だいぶ前だが、ニューズウィークのこんな記事を見付けた。
重罪人の安楽死は本当に人権の尊重か
    安楽死を認めるベルギーが抱えるもう一つの問題

 つらい状況から死によって救われたいと願うことは、重罪人にも許されるのか。
 ベルギーで先週、強姦殺人などの罪で終身刑となり、収監中だったフランク・ファン・デン・ブリーケンの安楽死が認められた。彼が訴えていたのは、30年間にわたる刑務所での生活による「耐え難い精神的苦痛」。解放されるために安楽死したいと、数年前から求めていた。
 弁護士によれば、ブリーケンは自らの暴力的な性的欲求の克服は不可能だと考え、仮釈放を辞退してきたという。その上で「過去にどんなことをしても、私は人間だ。だから安楽死を認めてほしい」と訴えていた。
 ベルギーでは02年に成人の安楽死を認める法律が成立。昨年は約1800人が死を選んだ。今年3月には、未成年者が安楽死を選ぶことも合法化された。
 根底にあるのは、人権尊重の姿勢だ。だが今回の出来事は、それが時に倫理的な問題を生みかねないことをあらためて浮き彫りにした。「専門家が関心を寄せるのは殺人犯の幸福のことばかり」。ブリーケンに殺された女性の遺族の言葉にも耳を傾ける必要があるだろう。[2014.9.30号掲載]藤田岳人(本誌記者)(
ここ)より)

ベルギーは安楽死の先進国。

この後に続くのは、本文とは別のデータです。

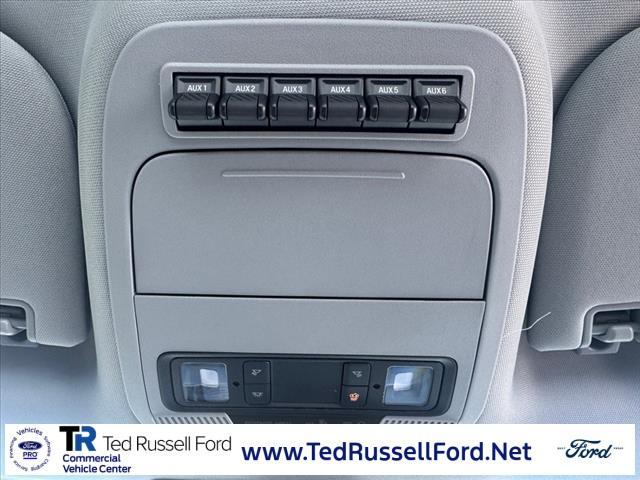 new 2025 Ford F-250 car, priced at $49,490
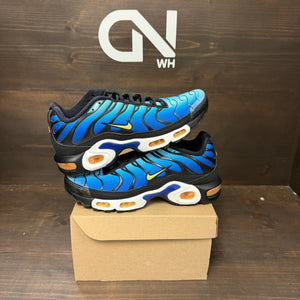 Nike Air Max Plus OG Hyper Blue (2018) Size 6.5 (Pre-Owned) - Image 1
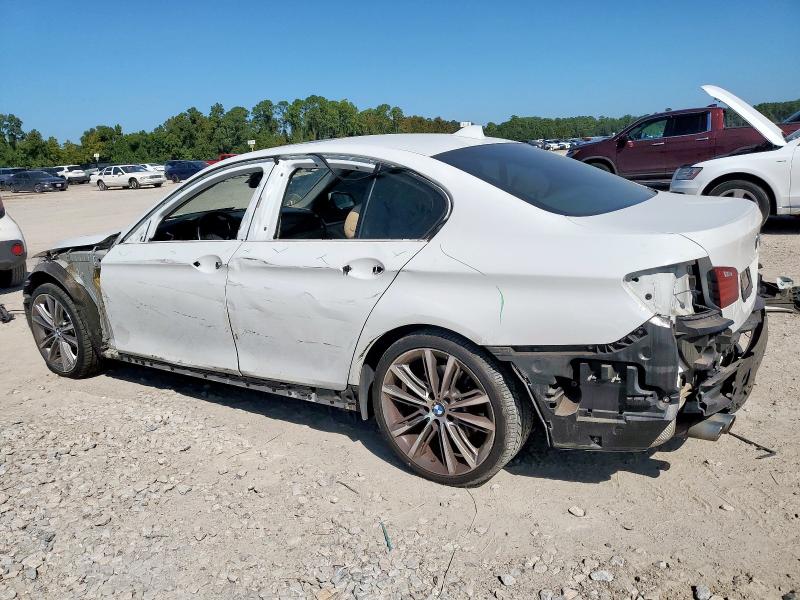 Photo 2 from auction – 2014 BMW 535 D with VIN WBAXA5C57ED690939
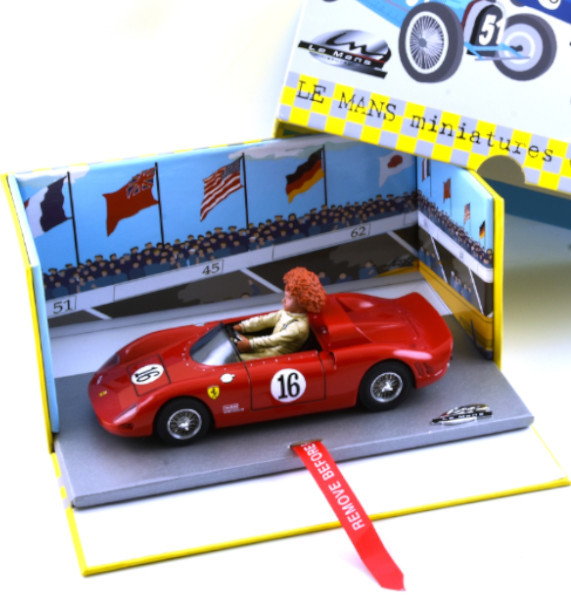 Mini Ferrari 275P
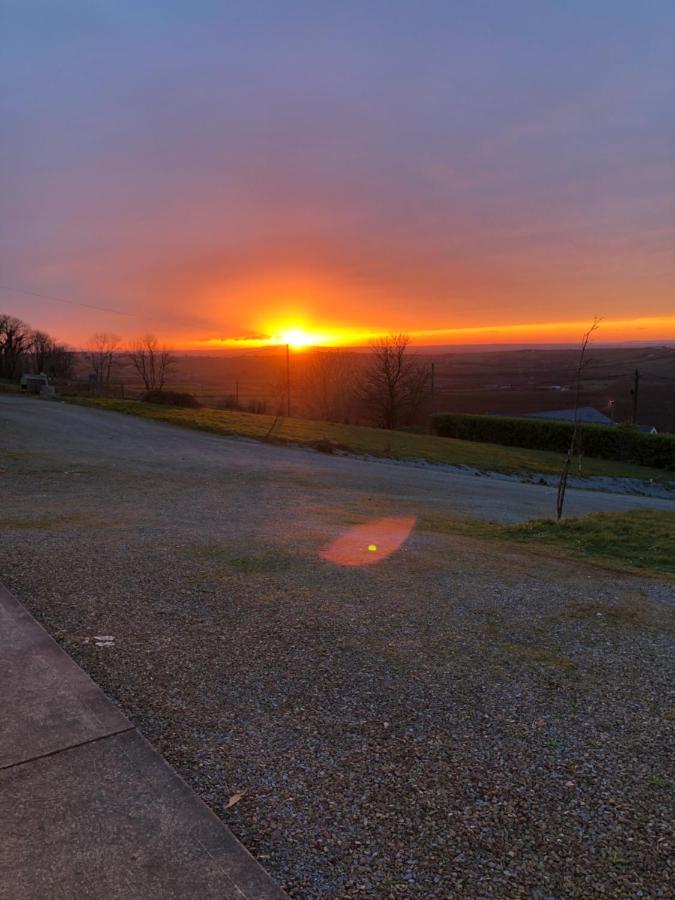 The Collins,Our View From The Top Listowel Bagian luar foto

だからと言って、重罪人も安楽死で“罪を償う苦痛”から逃れて良いのだろうか? 重罪人が逃げる先が「死」なら、過去の罪はすべて許されるのか・・・。
普通の凡人にとって、死は忌み嫌う存在。しかし「明日がない」人にとっては、それは唯一の逃げ場所。

先日、文藝春秋の「スイス「自殺幇助NGO」死の手助けの現場~死にたい人が世界から集まる 桜井勉」(2014年11月号P280)を読んだが、少々ショッキングだった。
ルールとしての、自殺・・・。介護している奥さんがガンの末期になり、自殺を希望。その介護が無くなったら生きていけない夫が、一緒に自殺を希望。そして二人一緒に自殺・・・。

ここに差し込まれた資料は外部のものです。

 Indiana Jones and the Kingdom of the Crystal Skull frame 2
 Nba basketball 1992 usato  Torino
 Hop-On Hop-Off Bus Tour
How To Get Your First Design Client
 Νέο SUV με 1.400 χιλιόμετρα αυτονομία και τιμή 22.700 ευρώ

背景は良く分かる。人間の尊厳があるうちに、残り短いと分かっている“苦しみの最期”を、早く終えたいという気持ち・・・。
この重罪人の安楽死も、行き先に希望が見えない「生」なので、末期ガンの患者と同じような話になる。
よくドラマで「簡単には死なせない。充分に苦しんでから死ね」などというセリフがある。
でも、「死によって精算」も有り得るのかな・・・と思いながら読んだ記事ではあった。